§ **Task to complete**
The line with "parrot feathers" marks the first line to copy, and the line with "Flowering wild garlic" marks the last. Transcribe that stretch of the data below exactly, without pictures.

§ **Data for this task**
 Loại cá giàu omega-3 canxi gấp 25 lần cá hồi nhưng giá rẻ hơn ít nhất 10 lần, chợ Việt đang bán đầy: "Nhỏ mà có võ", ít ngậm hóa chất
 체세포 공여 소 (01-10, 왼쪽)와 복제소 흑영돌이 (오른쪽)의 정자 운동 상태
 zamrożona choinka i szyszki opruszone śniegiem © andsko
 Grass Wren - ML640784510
---
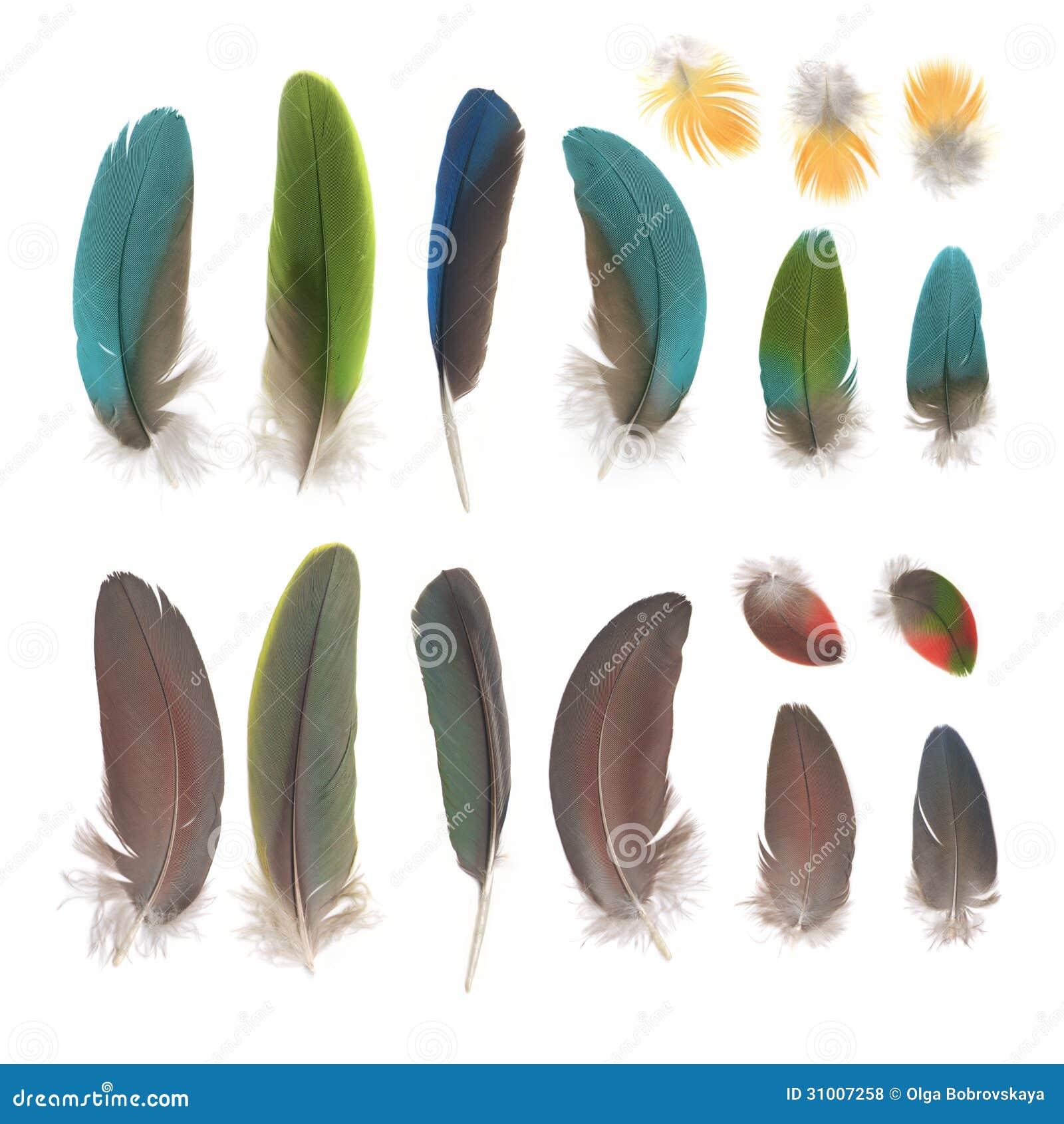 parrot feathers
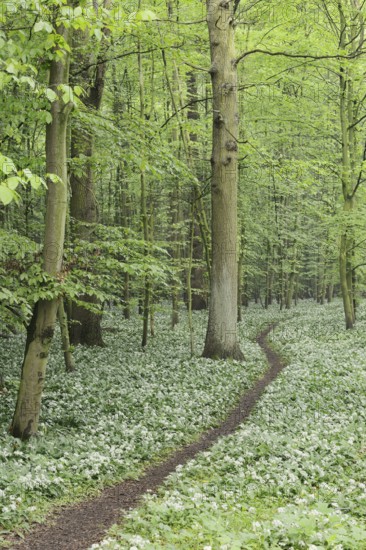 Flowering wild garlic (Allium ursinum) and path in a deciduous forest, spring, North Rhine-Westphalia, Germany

§ **The completed task**
 parrot feathers
 Flowering wild garlic (Allium ursinum) and path in a deciduous forest, spring, North Rhine-Westphalia, Germany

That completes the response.